Why You Might Not Want To Buy That Cheap Used EV

Buying a used car has always been a good way to save a few bucks on what would otherwise be an exorbitant purchase, not to mention reduce your carbon footprint by using existing cars instead of buying new ones. Naturally, these benefits extend to EVs, which means double the environmental impact reduction. If you're in the market for your very first EV, it's always worth checking out the used ones on the lot.

That said, much like with buying a regular used car, you should be very careful when searching for a used EV. Not only do you need to take the usual wear and tear of a pre-owned vehicle into consideration, but there are several potential issues that are specific to EVs that you should think long and hard on before committing to a purchase. EVs may be the new hotness on the travel scene, but being new also means having new problems.

Potential power problems

The first and biggest thing you need to think about before purchasing a used EV is the longevity and efficacy of its battery. You know how your smartphone's battery tends to lose some of its luster with age, not holding its charge as long or not charging all the way? EV batteries can experience similar issues with the passage of time. 

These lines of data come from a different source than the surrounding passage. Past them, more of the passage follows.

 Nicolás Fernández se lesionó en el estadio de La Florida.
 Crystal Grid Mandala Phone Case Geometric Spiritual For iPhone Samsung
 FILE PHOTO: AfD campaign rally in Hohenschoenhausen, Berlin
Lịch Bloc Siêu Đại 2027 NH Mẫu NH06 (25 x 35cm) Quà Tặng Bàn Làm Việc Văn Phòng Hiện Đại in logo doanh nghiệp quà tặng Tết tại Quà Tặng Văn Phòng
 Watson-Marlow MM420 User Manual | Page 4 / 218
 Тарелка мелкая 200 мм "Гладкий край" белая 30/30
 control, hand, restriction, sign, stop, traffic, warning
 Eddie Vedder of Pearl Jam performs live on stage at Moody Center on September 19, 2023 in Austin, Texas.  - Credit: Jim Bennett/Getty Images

According to a 2020 report from vehicle study group Geotab, EV batteries can degrade as much as 2% per year depending on how heavily they're used. If someone's already been using an EV heavily before trading it in, that means you're getting the EV equivalent of a middle-aged person. Granted, since EVs are so new, we don't know the full extent of their battery degradation over time, just estimates. Even so, it's a risk to your used EV's potential longevity. Just like how you don't want a used car to blow a gasket right after you drive it off the lot, you don't want your used EV's battery puttering out seconds after powering up.

Technology commitment

EVs are still a very young technology, and as such, they've gone through numerous changes in standards and frameworks since their initial inception. What's brand new now could become outdated in as little as a year, and that's just for brand new EVs. If you purchase an EV that already has a couple of years under its belt, you could be setting yourself up for obsolescence.

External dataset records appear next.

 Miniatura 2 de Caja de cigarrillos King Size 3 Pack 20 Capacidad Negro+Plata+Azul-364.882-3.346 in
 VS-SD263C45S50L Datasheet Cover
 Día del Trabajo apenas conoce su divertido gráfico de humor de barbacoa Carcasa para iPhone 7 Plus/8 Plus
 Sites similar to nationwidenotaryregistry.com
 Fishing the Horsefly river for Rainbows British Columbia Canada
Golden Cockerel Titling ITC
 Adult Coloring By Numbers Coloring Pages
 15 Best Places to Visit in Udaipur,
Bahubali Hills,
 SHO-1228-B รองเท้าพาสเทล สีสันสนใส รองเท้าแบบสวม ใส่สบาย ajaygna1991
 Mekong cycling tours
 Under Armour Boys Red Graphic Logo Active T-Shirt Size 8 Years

A used EV may be missing features that are standard on newer models like built-in smartphone connections, or otherwise they may be employing some kind of proprietary tech or feature that's already been rendered redundant by new advancements. In the best case scenario, your EV may be bloated or lacking feature-wise. In the worst case scenario, you may not be able to get support for one of your EV's critical features. It'd be downright awful to go to the trouble of installing a new charger in your home only to discover your EV uses some weird one-off adapter.

Resale value

As nice as it is to care for one car for most of your life and pass it down to your family, you should always be cognizant of a car's potential resale value. Due to a variety of social and economic factors, EVs tend to depreciate in value even faster than regular cars. If you buy a used EV and don't keep it in the absolute pinnacle of shape for years on end, it'll be next-to-worthless when the time comes to trade up. A car isn't just a means of conveyance, it's an investment, and if you're not getting any returns on it, then it's a bad investment.

With the right strategy, care, and a little luck, an EV can save you a lot of money in the long run in things like gas bills and ease of travel, and if you can get one in good shape for the right price, a used EV is perfectly fine. Think of buying a used EV like buying a used smartphone; it's cheaper and can do what you need it to, but you never know what kind of life it was subjected to before you got your hands on it. Do your research to ensure you aren't riding into the future of travel aboard a lemon.